For an older guy you seem to speaking for a lot people in the retrogaming community when it appears you are simply speaking for your self.

 

Analog controllers cannot be reproduced well with digital controls.

That is extremely debatable.

 

 

So any games that require such a controller (Breakout, Warlords, Indy 500, Star Raiders, Missile Command, etc.) suffer greatly using a d-pad. Those d-pads that include analog sticks are far superior to just buttons but I'm talking about 2600 controllers vs. NES. There is no contest.

Considering that Breakout had some damn near great updates and ports to the NES and Famicom Disk System and all but one port of the game made use of the NES/Famicom controller. (I believe Arkanoid was specifically programmed for the Famicom trackball) And the fact that Missile Command, Asteroids, Centipede, etc all had great ports to the Gameboy lends me to believe that either you haven't played them or never gave the d-pad a real chance.

 

 

 

You can play games for hours just fine using the d-pad. I can't take more than 10 minutes of that shit, I'm ready to read a book or go outside and do something. Many of my contemporaries are the same way. Others aren't. But, again, you point out one of the key delimiters.

This isn't an agument. This is just whining.

And I can't imagine playing Warlords with a d-pad.

No shit. Considering the game originally came out in 1989 for a PC that had a GUI and mouse peripheral and never got a console port.
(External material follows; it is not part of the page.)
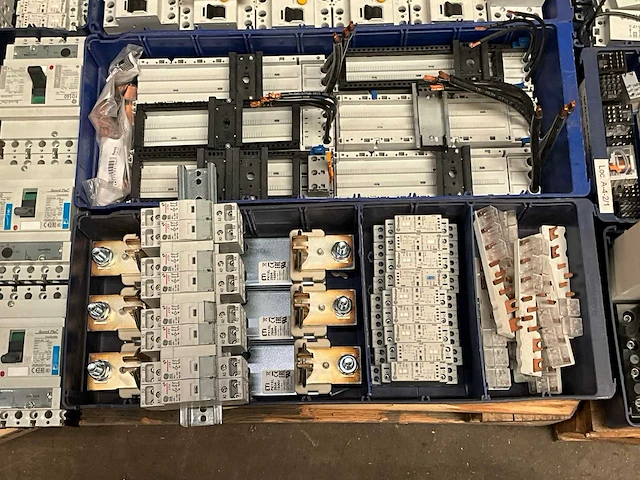 Diverse elektra installatie materialen - afbeelding 4 van  5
Here's the thing. You can play Ultima on the NES with a d-pad. You can play detective games and early forms of visual novels and first person exploration games on the Famicom with a d-pad. You can play Sim city on SNES with a d-pad (a damn good game I might add). To say you can't imagine is kind of silly considering it's been done to death.

 

 

 

 

Or Missile Command with a d-pad (I don't like playing 2600 Missile Command with a joystick, I need the variable speed of a trak-ball, or an analog stick at least).

Or Tempest with a d-pad (that is fucking useless).

Oh look somebody making claims without giving evidence. Meanwhile in reality, you can play supposedly "superior" trakball games on a d-pad just fine.

 

 

If you can, great, but you're not playing the game that the label says it is. It's something else once you force the d-pad controller onto it.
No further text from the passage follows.